Federal Court has fined Australia’s construction union and former official Brendan Murphy a total of $34,500 for obstructing work at Geelong Grammar School in 2014.
The then Construction, Forestry, Maritime, Mining and Energy Union (CFMMEU) organiser entered a construction site without providing notice, the court heard.
Mr Murphy refused to show an entry permit, refused multiple requests to leave and called a meeting of workers, Federal Court judge Debra Mortimer found.
“Mr Murphy’s conduct was not at the egregious level of impropriety, but neither was it trivial nor minor,” she said.
“It was confrontational, aggressive and rude.
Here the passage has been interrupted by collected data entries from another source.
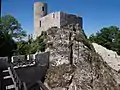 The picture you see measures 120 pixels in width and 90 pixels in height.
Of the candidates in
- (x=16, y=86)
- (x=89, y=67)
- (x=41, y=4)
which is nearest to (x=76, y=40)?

Mr Murphy was bullying and overbearing, and deliberately so.”
After the meeting he told the site manager he would refuse to leave until all the workers were offsite.
A number of workers left the site and work ceased, the court heard.
Mr Murphy claimed he had concerns for subcontractors working in the dark and threatened he would be back the next day to make sure the site remained closed.
In an earlier liability hearing Justice Mortimer rejected Mr Murphy’s claim that he was concerned about safety at the site.
She found his claims were “contrived” and accepted evidence he was instead unhappy with the subcontractors the site’s building company Harris HMC had hired.
“I am not satisfied there was any real health and safety issue, despite Mr Murphy’s references to people working in the dark,” she said.
Aside from the loss of “a relatively small amount of money” there “was no evidence of any financial impact from Mr Murphy’s conduct”, she added.
In fixing the “appropriate penalty” Justice Mortimer considered Mr Murphy’s aggression, language and refusal to leave “all because of his personal preoccupation with Harris HMC using a particular subcontractor, which it was entitled to do”.
But Justice Mortimer also accepted the conduct, although deliberate, was not systematic or part of an ongoing campaign.
Australian Building and Construction Commission Commissioner Stephen McBurney said CFMMEU and its senior officials “all too regularly” flouted the law.
“This decision illustrates a repeated pattern of bullying behaviour with officials claiming to go onsite over safety reasons, only to be found by the courts that their real motivation is to shut sites down and cause disruption for industrial purposes.”
CFMMEU declined to comment on the judgement given Mr Murphy no longer works for the organisation.